After years of using too much chemical on it, I decided to just make a complete turnaround. Now, my hair is healthy, it’s long, it’s lovely. And I would never let relaxer touch it again. I don’t fix artificial nails again. I’m back to natural nails. I just put on some long-lasting polish. I fixed my nails for over 10 years but I’m tired of it now. I want to be healthy in my old age.
Your divorce came as a shock to a lot of people. Why did you take that decision?
Shock? Have you not heard that Seal and Heidi (Klum) have divorced? Haven’t you seen people who have been married for 20 to 25 years and divorced? I’m not perfect; no one is. We all have our low moments. It doesn’t mean I’m a failure. Everybody goes through bad patches in life. Life must go on, whether we like it or not. It’s always better to part under good circumstances than for someone to be in jail, or die, or to be hurling insults at each other. There is no need for that.
It seems you don’t regret your divorce, because you always have this cheerful look?

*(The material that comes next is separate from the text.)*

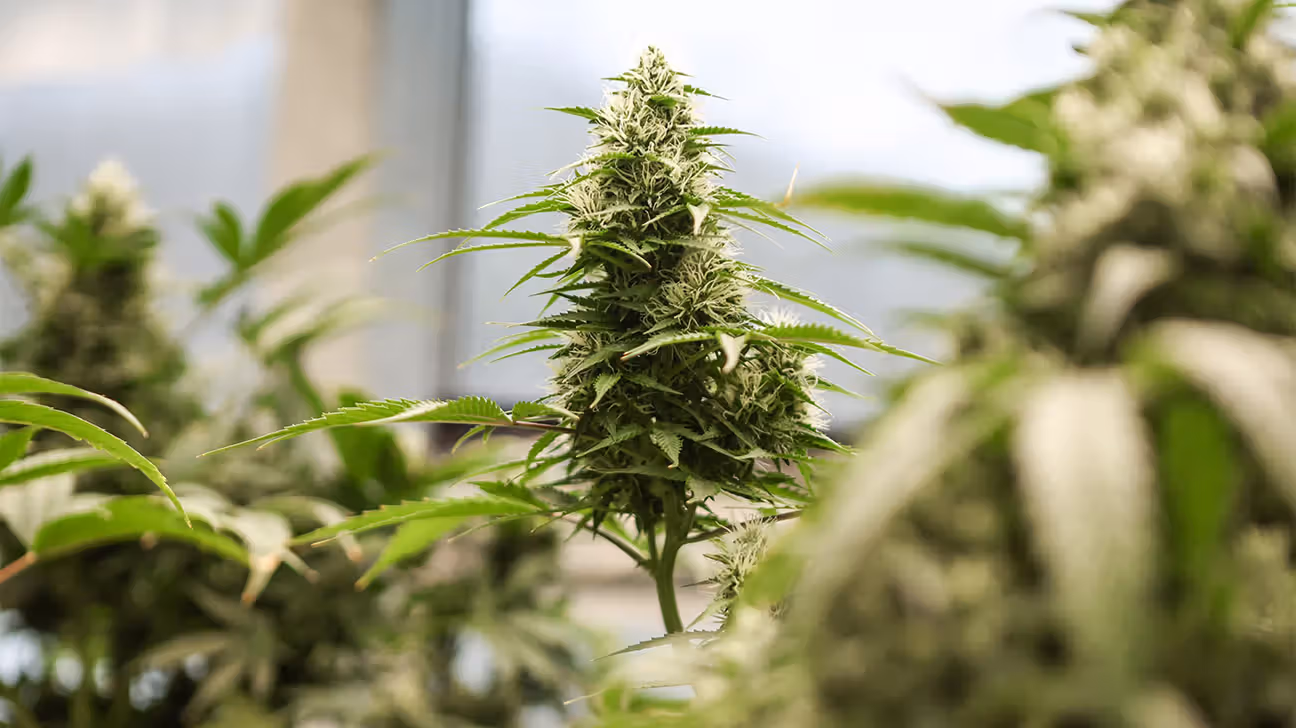 Medical cannabis grows indoors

It’s God. Looking back at my life, where I came from, I never even thought I would be an actress. I never even thought I would have an opportunity to meet people, to be a role mode. So, it’s not for me to feel self-pity. I’m grateful to God every single day. I choose to be happy. I am a happy person. Someone encouraged me with these words yesterday: ‘Every problem you have will resolve and dissolve’. So, my divorce is not the end of life and my God has given me cheer and joy. That explains why I am always happy and cheerful. No regrets.
Will you remarry?
I am not sure about remarrying but I will love again. I’m a lover, not a fighter. I’m only going to be very choosy. I don’t know about marriage, but, maybe, love.
You’ve kept your daughter away from the limelight. Is this deliberate?

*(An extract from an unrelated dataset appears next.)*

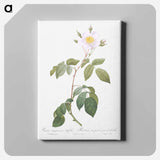 アートパネル-Big-Leaved Climbing Rose - ピエール ジョゼフ ルドゥーテ Canvas.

Yes. You want them to kidnap my daughter? When they see her picture, then they will know who she is. I remember somebody sent a card to me through her school and I was so surprised. They just dropped it on her desk and I was wondering how the person knew my daughter attends that school. Should she decide to step into the limelight later on, that would be her call, not mine. I’ve managed to keep her away and I’m sure I’ve done a good job. Now she is not even in the country and it’s better she schools there.